今回は“英文法シリーズ”の3回目になります。
前2回の記事では、
(現在形と現在進行形(英文法シリーズ②))について書かせていただきました。
これまで同様、“表現法を増やす”をコンセプトに、“助動詞”の授業をする際、私が意識していることについてお話します。
助動詞がないと“どうなるか”
ここまで“動詞の使い分け”や、“時間について”の話を主にしてきました。
ですが、前2回の記事でお話した内容だけでは、“文章の表現にこれ以上幅が出ない”と言えます。
というのも、みなさん“ある事”にお気づきでしょうか。これまでにお話した内容だけでは、基本的に文末が「~です、~ます」といった、“です・ます”の文ばかりになってしまうのです。
日常生活において、“これで充分なはずがありません”。
時には“~することができる”や、“~しなければならない”といった文を書きたいと思うこともあります。
けれど、ここまでの知識だけでは“それが書けない”。
そんな人のために、助動詞という“強力な武器があるのです”。
ファーストコンタクトで決まる“その後の展開”
例えば助動詞の“can”を教わる時、授業の冒頭でこんな始まり方をしたとします。
「今日は、助動詞のcanについて説明します。canと聞くと、瞬間的に頭の中で“~できる”という訳語が浮かぶ人も多いかも知れません。」
ですが、“can=~できる”だと思っている人は大間違い。
「canには、~があり得る(可能性)、~してもよい(許可)、~してもらえますか(依頼)などなど、~できる(能力)以外にもたくさんの用法があるのです。
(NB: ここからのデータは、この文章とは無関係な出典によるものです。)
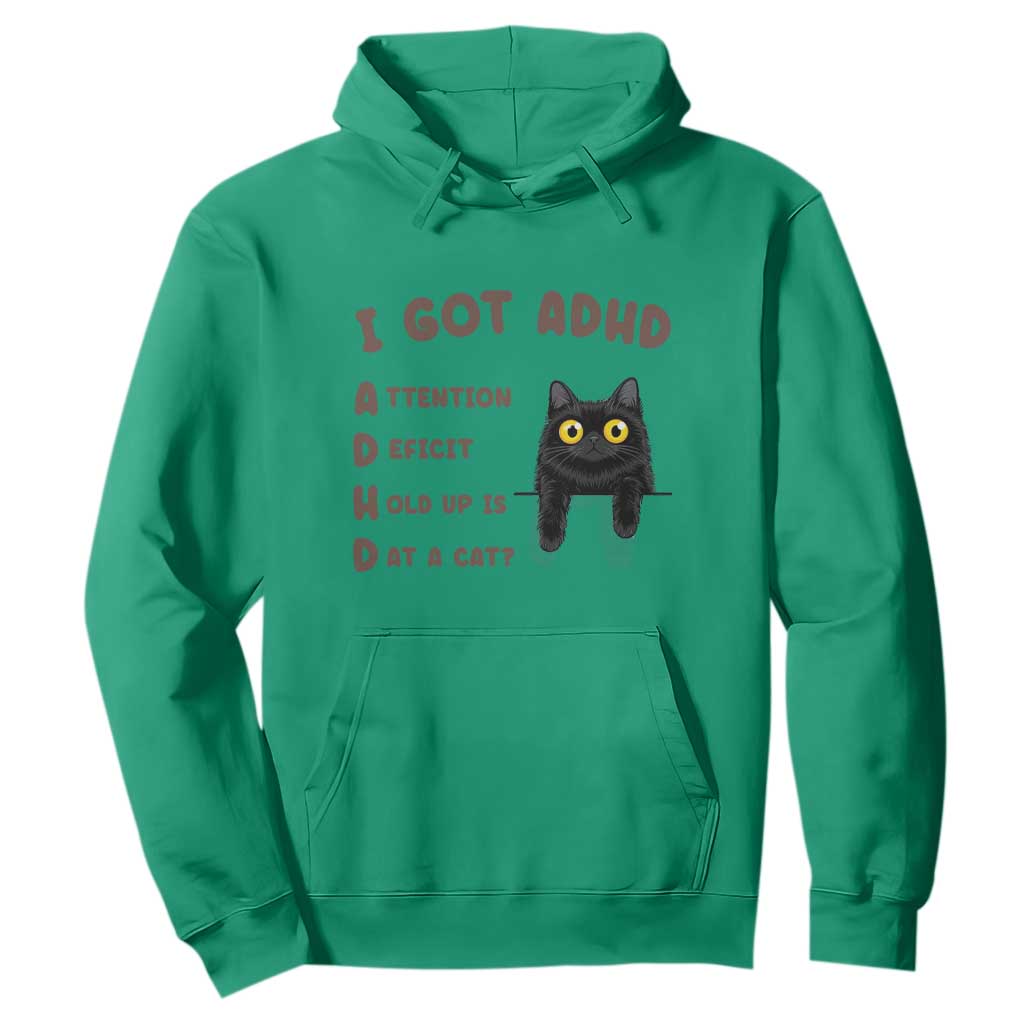 I Got ADHD is that A Cat Hoodie Funny Cat Lover TS14 Irish Green Print Your Wear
」
これを聞かされた生徒たちの反応を“想像してみてください”。
授業の冒頭部分でこれを聞かされた生徒たちのほとんどは“引いてしまいます”。
“覚えることが多い”のと“細かな使い分け”。
これは、生徒たちが嫌う“二大メンドクサイ”。
こんな話を冒頭部分で前面に押し出され、その後“真剣に話を聞いてくれる生徒”は、ほとんどいないでしょう。
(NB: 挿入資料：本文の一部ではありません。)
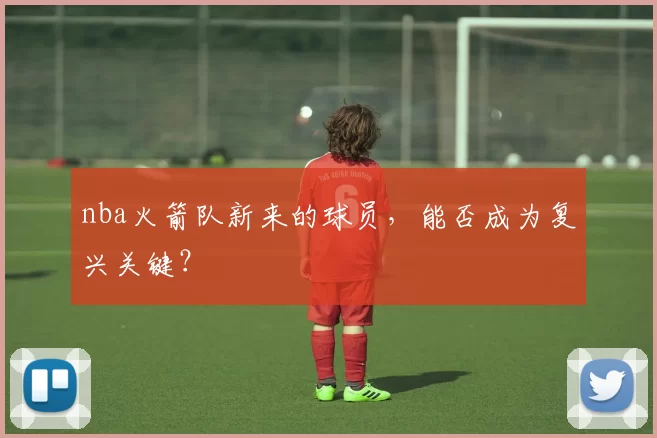 nba火箭队新来的球员，能否成为复兴关键？
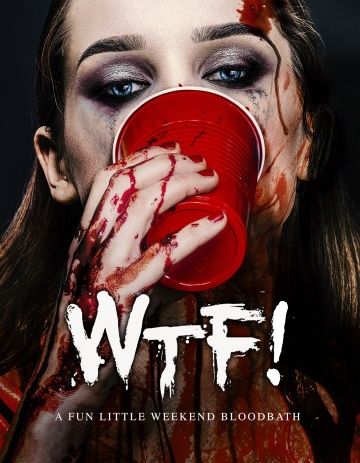 Чё за..! / WTF! (2017)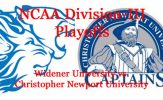 Division-III Football Playoffs: Round 2 Preview: Widener vs. Christopher Newport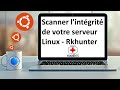 Scurisez vos systmes linux avec rkhunter rootkit detector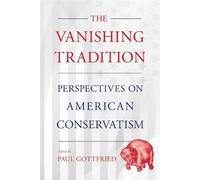 Paul Gottfried The Vanishing Tradition (Tascabile)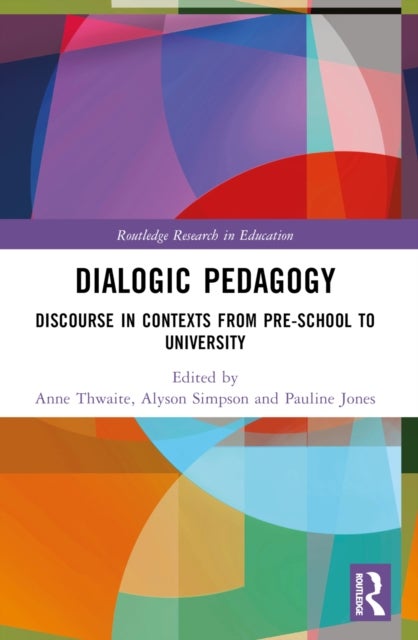 Dialogic Pedagogy - Discourse in Contexts from Pre-school to University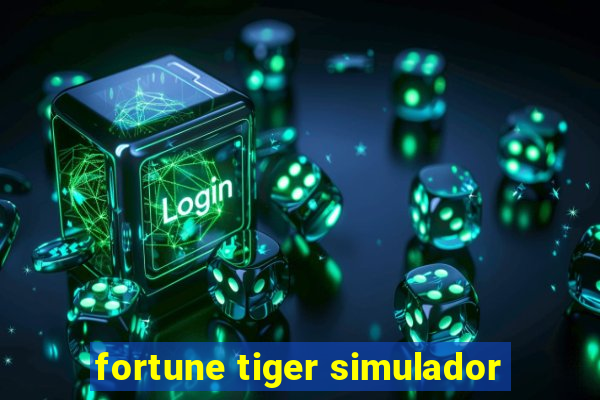 fortune tiger simulador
もちろん、だからといって生徒たちの顔色をうかがって、“教えるべきことをカットしたり”、“覚える量を減らしたり”するわけではありません。
要は“手順の問題”です。
結果と知識を結びつける“働きかけ”
はじめから“あれも、これも”と知識を並べてみても、生徒たちには“入ってきません”。
例えば、先ほどの例に挙げた助動詞の“can”。
動詞の前に置くことで、“~できる(能力)”という
意味を表現出来るようになります。
これが、たいていの人がcanを見たときに真っ先に思い浮かべる知識。
これだけでも表現法は増えていると言えるのですが、ここでもう一つ例文を見てもらいます。
例)Dogs can bite your hand.(犬は人の手を噛むことがある)
これを見た生徒たちは、こう思うはずです。“噛むことができるじゃないの”と。
でも、よく考えてください。
“犬は人の手を噛むことができる”なんて言い方を普段しますか?
明らかに違和感があります。
そういうふうに生徒たちに“感じさせたタイミング”で、解説を入れていきます。
解説
犬には鋭い歯があります。
飼い主にもかみつこうと思えば、いつでも噛みつける“能力”がある。
つまり、その“能力”をもってして、噛みついてくる“可能性がありますよ”ということを伝えたい。
だから、この場合は“噛むことができる”よりも、“噛むことがある”のほうが表現として、“自然”というだけのことなんです。
結論
助動詞のように“文章に彩りを与えてくれる文法事項”は、その反面で、“覚えることが多い”とも言えます。
だからこそ“手順が大切”。
はじめから“知識ありき”の伝え方ではなく、核となる部分を押さえてから、いかにしてそこに“枝葉をつけるか”。
今回の内容が、その参考になればと思います。